Our patient was a known case of Bronchial Asthama, controlled with antiasthamatics and intraoperatively respiration was mechanically controlled with EtCO2 monitoring to prevent hypercarbia which could prolong the recovery time. Hence, ABG and EtCO2 monitoring is required. A 0.1-unit decrease in arterial Ph, as produced by a 10 mmHg increase of the PaCO2, can increase plasma K concentrations by about 0.5mEq/L [4]. Because of the effect of hypokalemia on skeletal muscles there is a possibility of prolonged action of muscle relaxants, which can be a cause of delayed recovery.
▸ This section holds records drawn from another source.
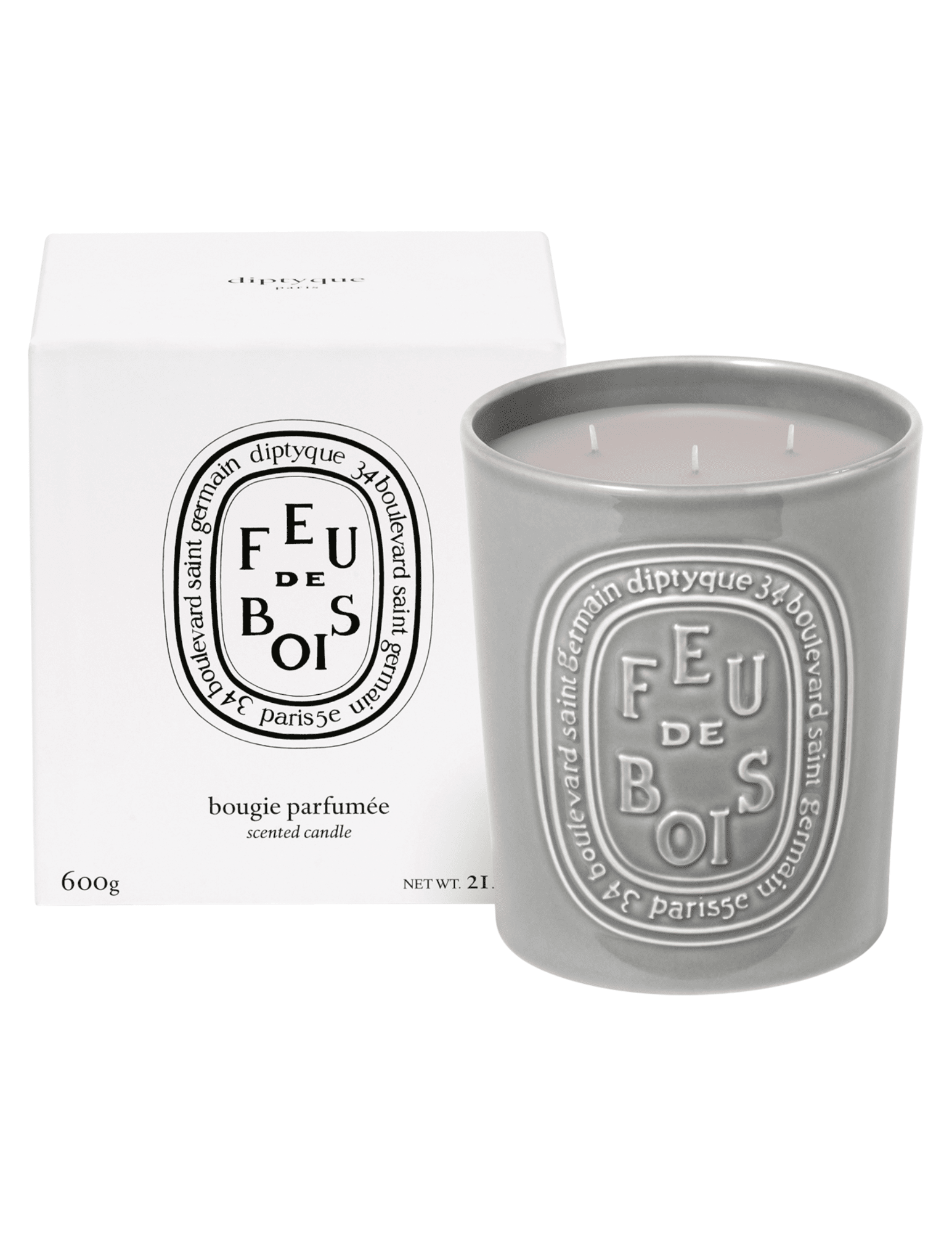 Diptyque - Diptyque Feu de Bois (Wood Fire) Large Candle - Buy Online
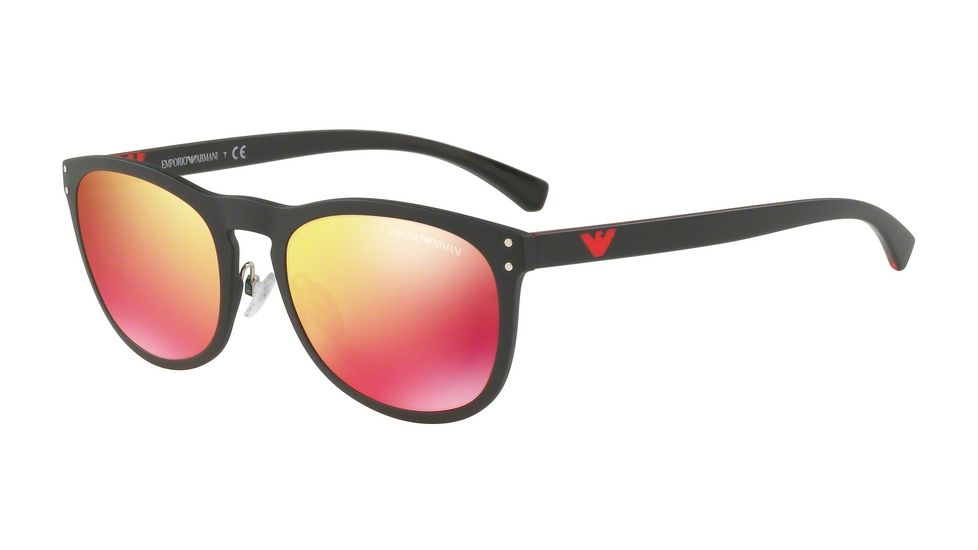 Armani EA4098 Progressive Prescription Sunglasses EA4098-50426Q-54 - Lens Diameter 54 mm, Frame Color Matte Black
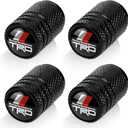 2 x Tire Valve Stem Caps for Toyota TRD Metal Car Wheel Air caps Auto Valve Stem Caps Accessories 4 Pcs Black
We estimated her blood gases and electrolytes to rule out acid-base and electrolyte imbalance. Blood gases were within normal limits, however, serum potassium was low, 2.98 mmol/L. We gave KCL 10 ml (20mEq) in 500ml NS infusion over a period of 30 minutes and repeat serum potassium levels increased to 3.9 mmol/L.
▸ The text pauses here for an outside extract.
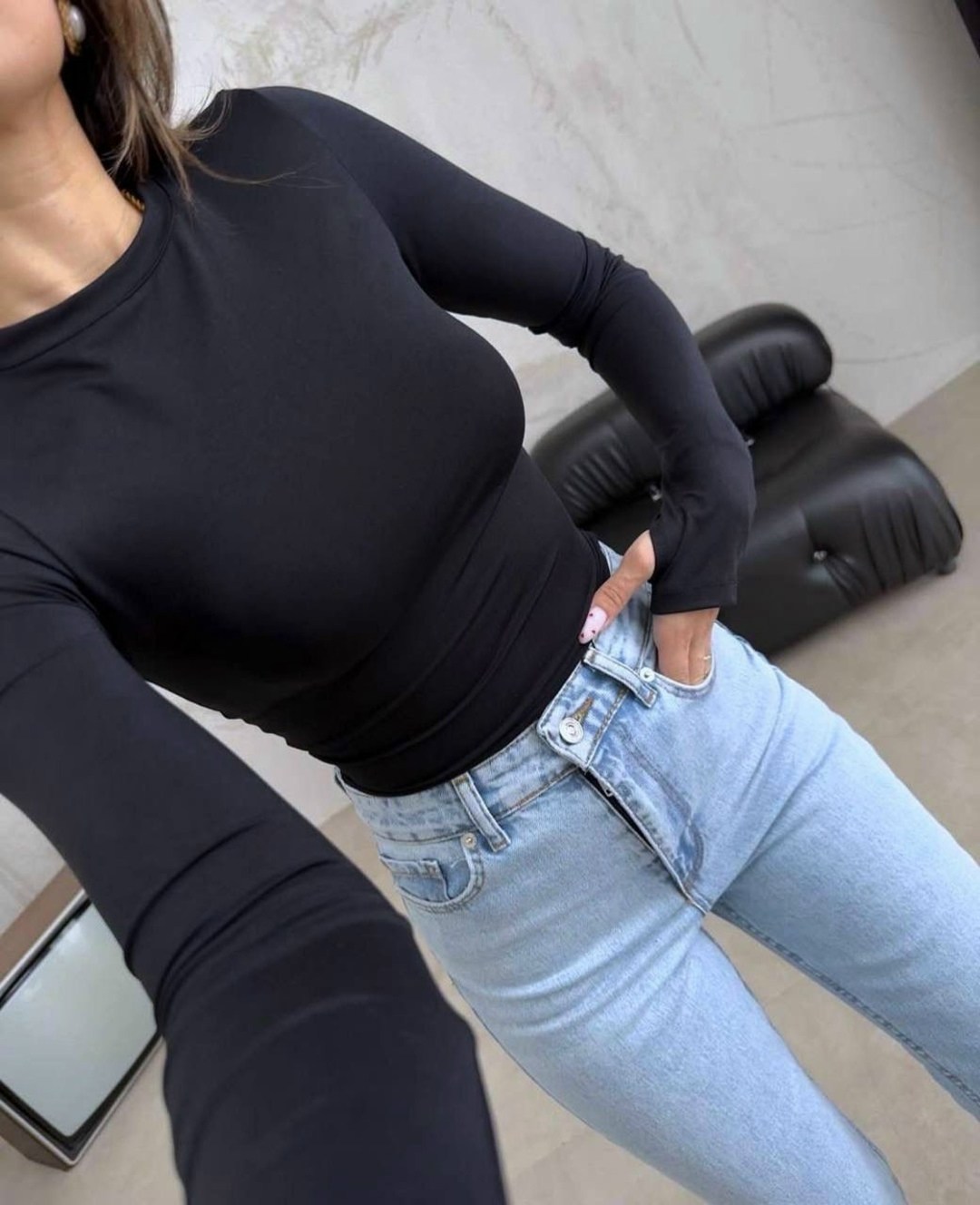 лонгслив женский,женская кофта,лонгслив базовый скимс утягивающий укороченный облегающий yes.body цвет мокко,одежда женская,топ женская майка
Hypokalemia [1,4] is known to occur with surgical stress and β2--adrenergic agonists [6]. Our patient was receiving β2-agonists. In addition, we gave calcium gluconate, which could reduce serum potassium level. Factors like hyperventilation, respiratory alkalosis, diuretics, administration of calcium, sodium bicarbonate, glucose and/ or Insulin without K supplementation will reduce serum K levels [4, 5].

Potassium levels should be measured frequently if repletion is ongoing or changes due to drug administration or ventilation are expected. Alkalosis also depresses ventilation leading to delayed recovery from anaesthesia.

Treatment for acute hypokalemia is 20 mEq of K administered over 30-40 min and repeated as needed under ECG monitoring. In our patient, we started KCl infusion of 10 ml(20 mEq)in 500 ml NS over a period of 30 min with strict ECG monitoring after which K value increased to 3.9mmol/L from 2.98mmol/L.

An unusual cause of delayed awakening has been reported after acute phenytoin administration due to alteration of the pharmacodynamics and pharmacokinetics of rocuronium in chronically ill patients [7].

A case of subclinical hypothyroidism being one of the probable causes of hypothermia and delayed recovery after exclusion of other causes [8] has been reported.

Hence, the probable cause of delayed recovery in our elderly patient was due to hypothyroidism as well as associated incidental hypokalemia. Hypokalemia, though not present preoperatively, could have been due to peri-operative administration of calcium gluconate and β2-agonists.

Conclusion

The causes of delayed recovery are multifactorial. Drug or non drug related factors like metabolic, neurological and respiratory failure could affect recovery following anaesthesia. Common causes are electrolyte imbalances, hypothermia, hypoglycaemia, hyperglycaemia and also on the type of anaesthesia received, duration of surgical procedure and therefore the anaesthesia time, individual patient’s response to the anaesthetic drugs, patients age and general condition and associated co-morbidities. In our patient, the probable cause of delayed recovery was incidental hypokalemia, probably as a result of β2-agonists therapy which returned to normal values after replacement with KCL infusion. Other factors like old age, associated with co-mordid conditions like hypothyroidism, hypertension, bronchial asthama could be the contributing factors for delayed recovery from general anaesthesia.